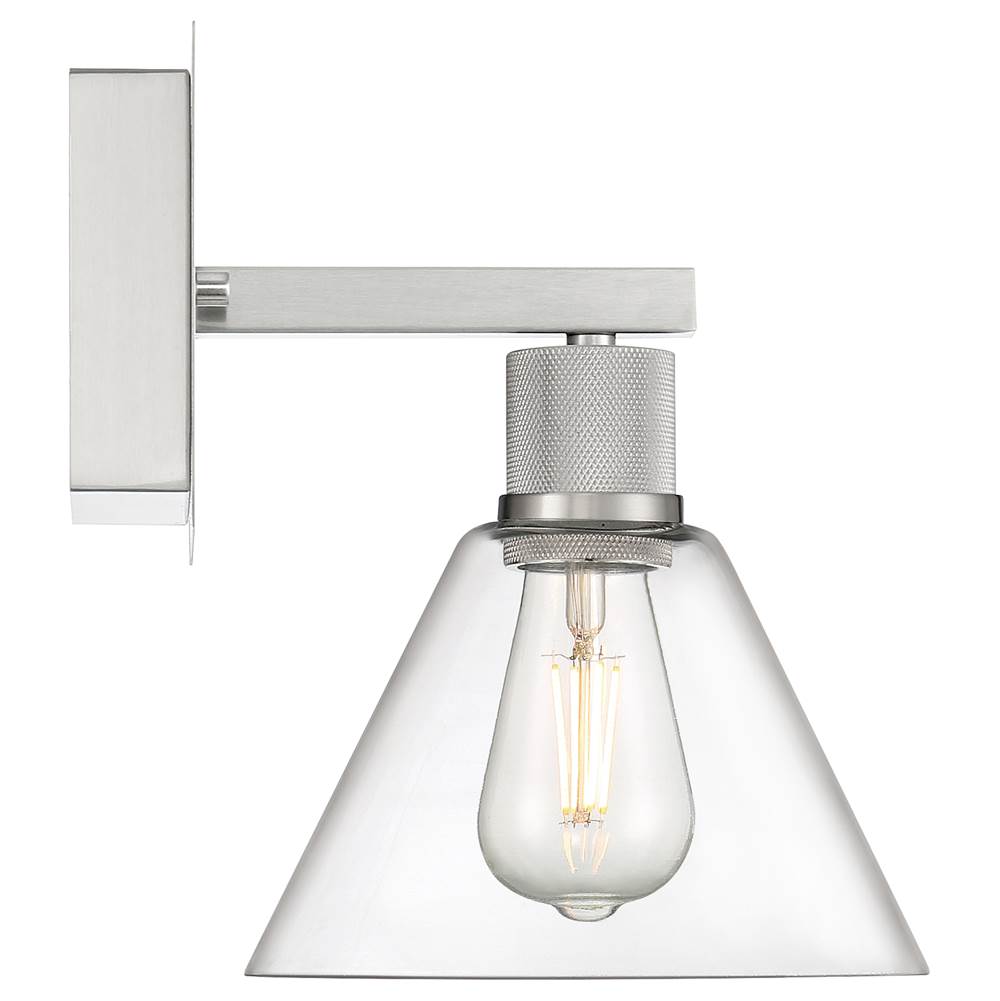 Access Lighting 63143LEDDLP-BS/CLR Brushed Steel Martini Led Wall Sconce Image 5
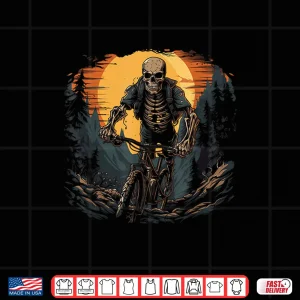 Design Mountain Bike Skeleton Halloween Shirt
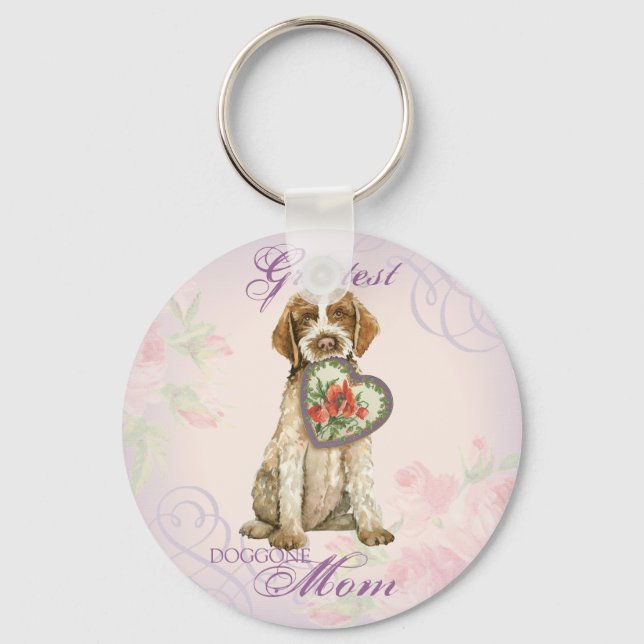 Griffon Heart Mum Key Ring (Front)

* What to produce: Reproduce the material above in full and without alteration, but skip all pictures.

* Response for this exercise:
 Access Lighting 63143LEDDLP-BS/CLR Brushed Steel Martini Led Wall Sconce Image 5
 Design Mountain Bike Skeleton Halloween Shirt
 Griffon Heart Mum Key Ring (Front)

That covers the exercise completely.